Web page caption snippets:
=== Begin Enclosure ===
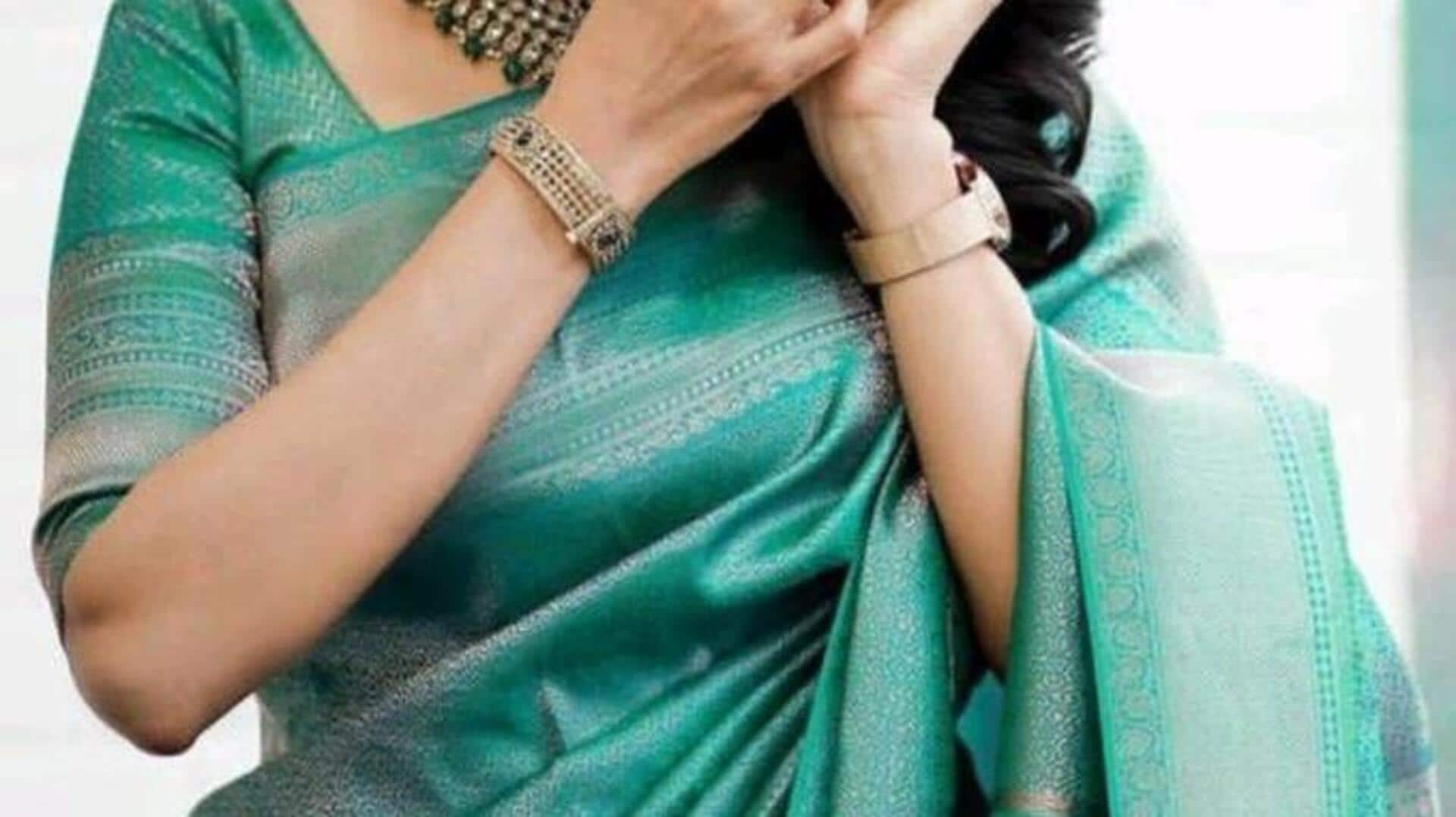 Warna pastel klasik dalam mode musim panas India tradisional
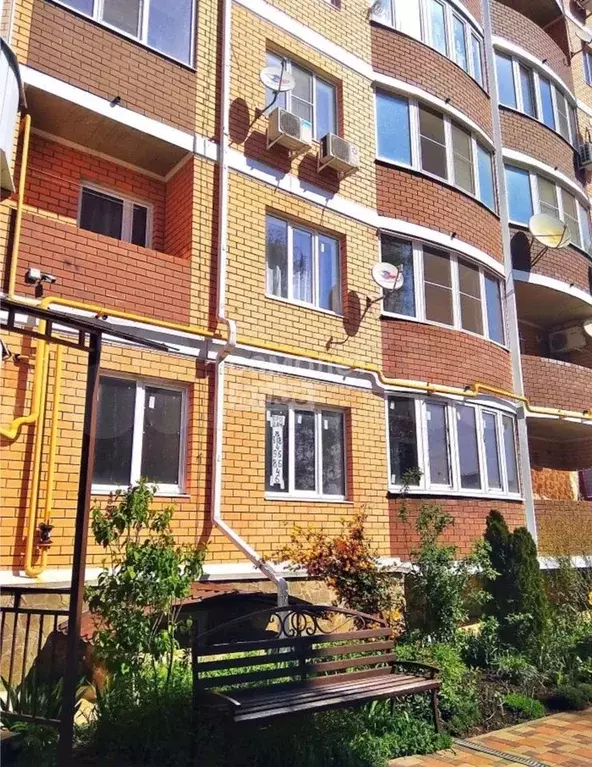 2-к. квартира, 70 м, 8/9 эт. - Фото 0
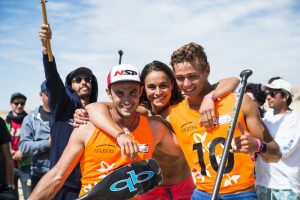 Titouan Puyo, Olivia Piana et Arthur Arutkin tous médaillés lors de la première journée de l'Oxbow EuroSup à Lacanau. © Anoine Justes et Guillaume Arrieta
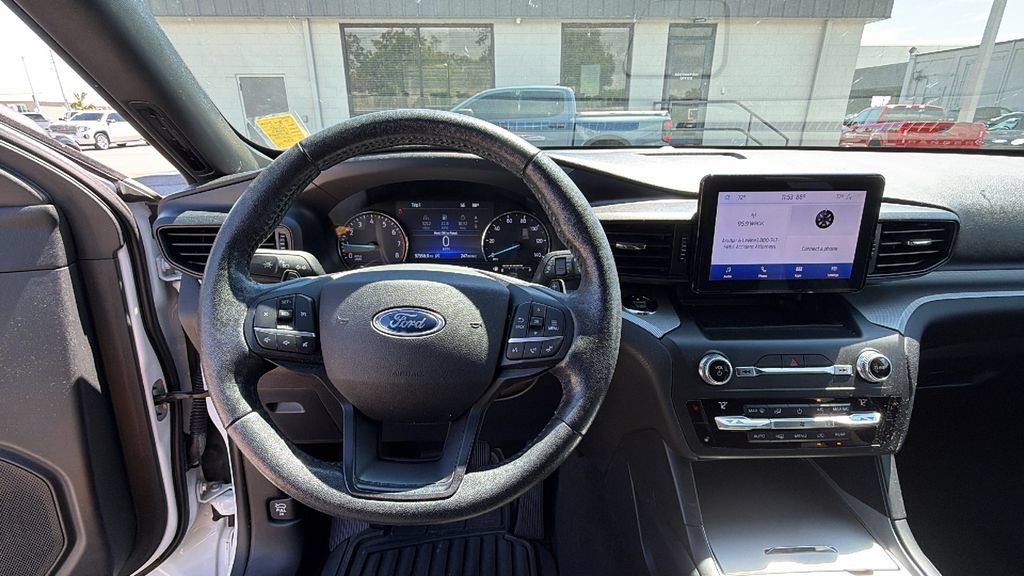 Used 2020 Ford Explorer XLT w/ Comfort Package AWD/4WD image 16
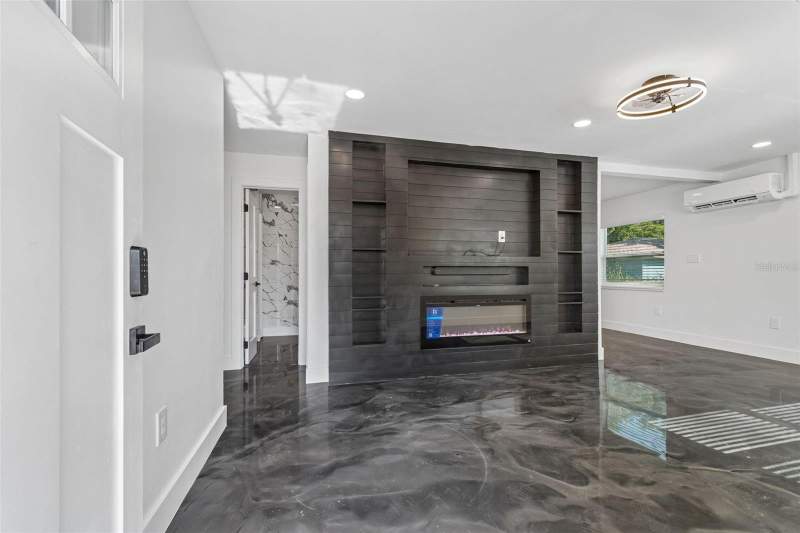 4 bedroom Single Family Residence at 4125 Grove, Grand View Terrace, St Petersburg — photo 2
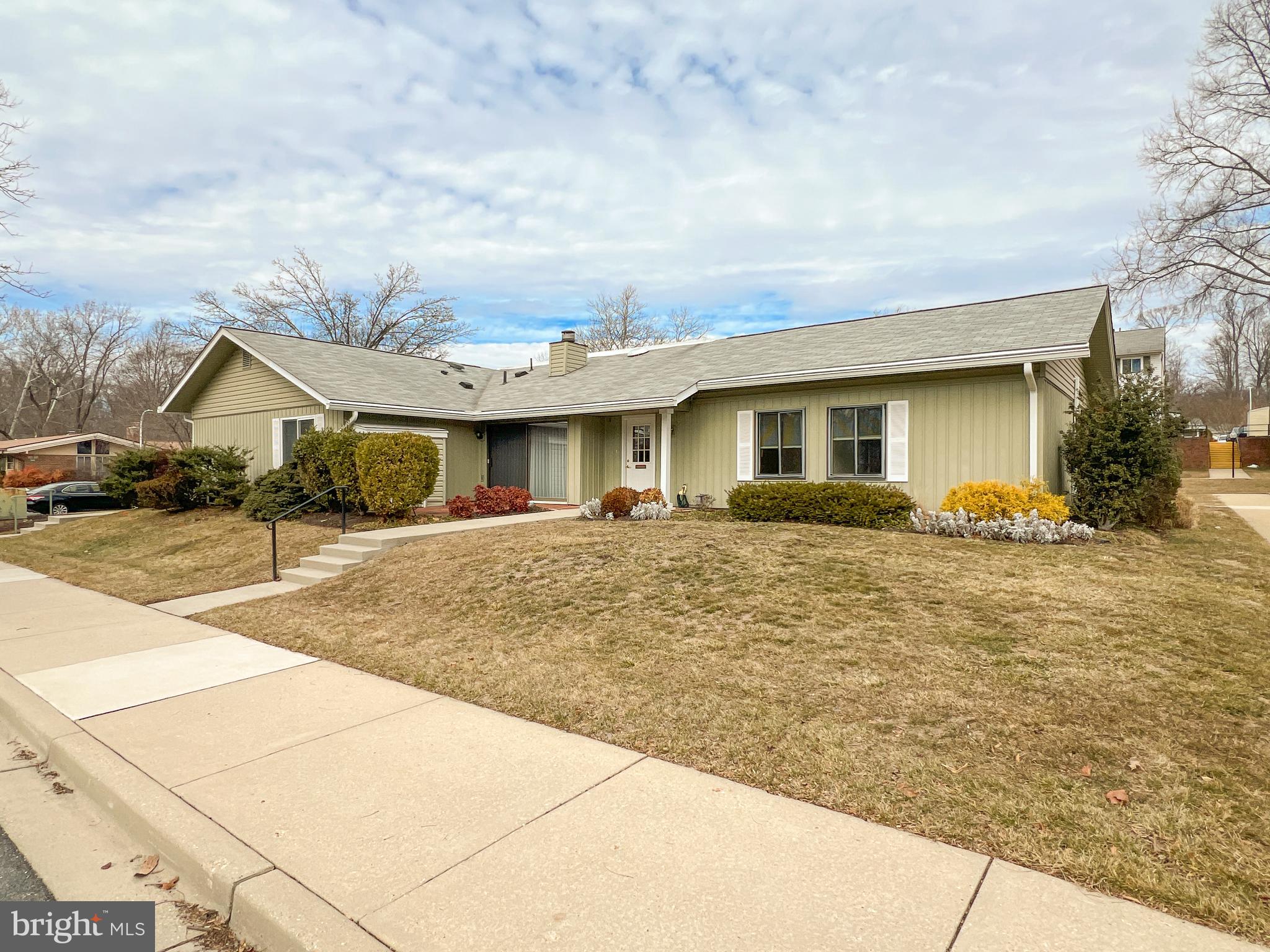 a front view of house with yard
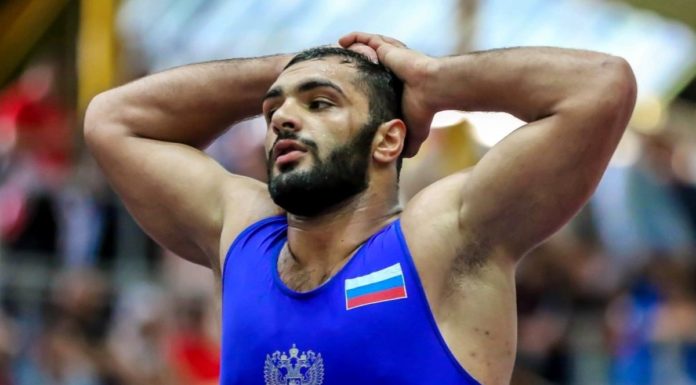 Артур Саргсян завоевал серебряную медаль в весовой категории до 97 кг.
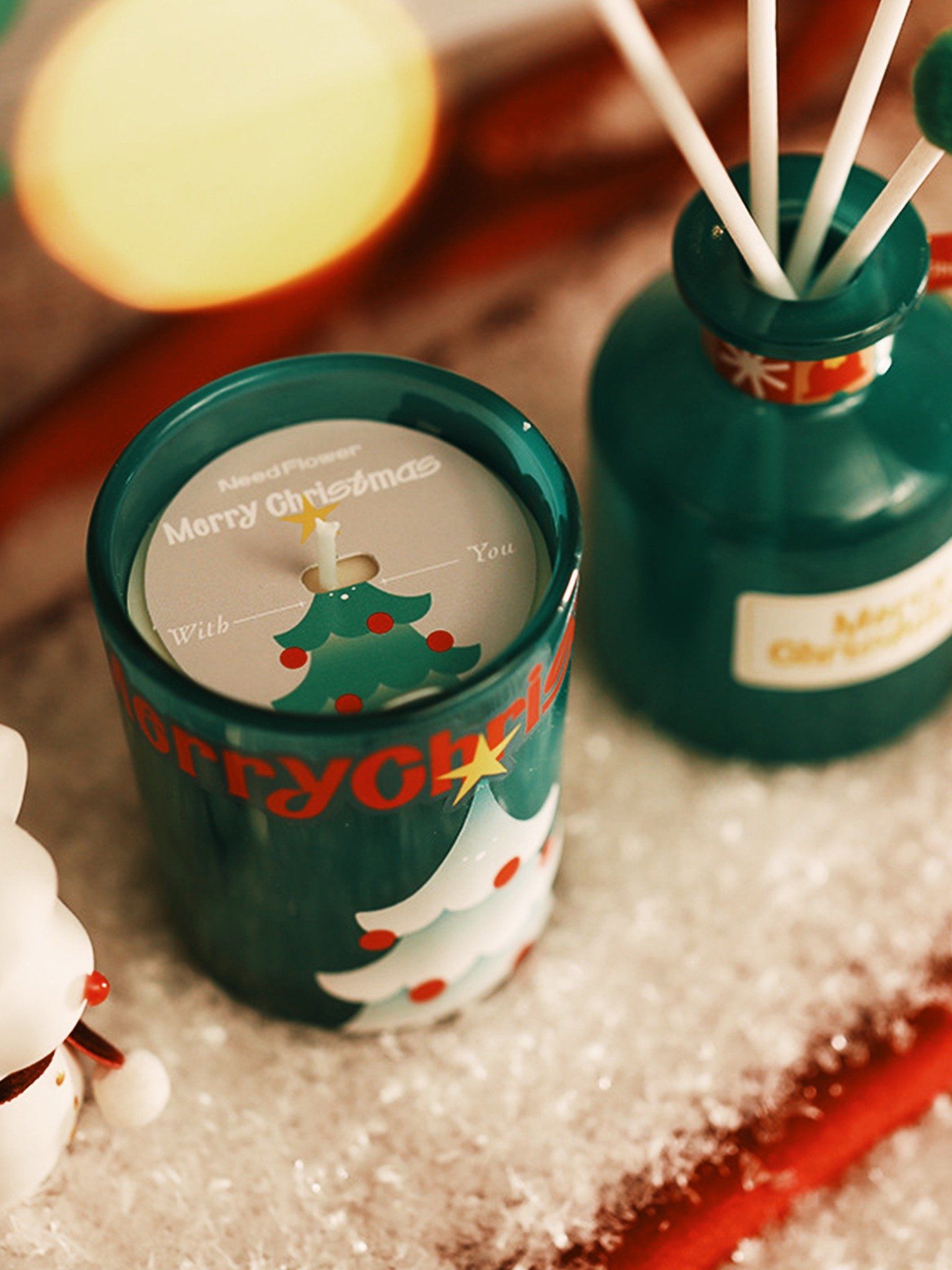 HOLIDAY LIMITED-EDITION GIFTS
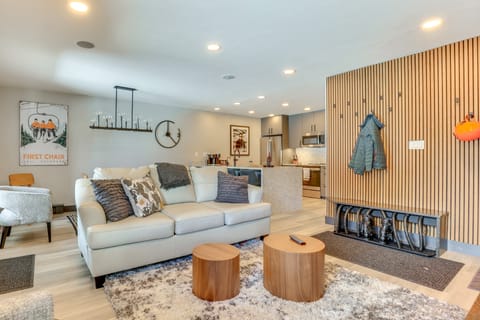 Between Beaver Creek & Vail: Modern Condo w/ View! Apartment in Eagle County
=== End Enclosure ===
WORK INSTRUCTION: Leave the pictures out and copy the rest of the data exactly.

RESULT FOR THIS EXERCISE:
 Warna pastel klasik dalam mode musim panas India tradisional
 2-к. квартира, 70 м, 8/9 эт. - Фото 0
 Titouan Puyo, Olivia Piana et Arthur Arutkin tous médaillés lors de la première journée de l'Oxbow EuroSup à Lacanau. © Anoine Justes et Guillaume Arrieta
 Used 2020 Ford Explorer XLT w/ Comfort Package AWD/4WD image 16
 4 bedroom Single Family Residence at 4125 Grove, Grand View Terrace, St Petersburg — photo 2
 a front view of house with yard
 Артур Саргсян завоевал серебряную медаль в весовой категории до 97 кг.
 HOLIDAY LIMITED-EDITION GIFTS
 Between Beaver Creek & Vail: Modern Condo w/ View! Apartment in Eagle County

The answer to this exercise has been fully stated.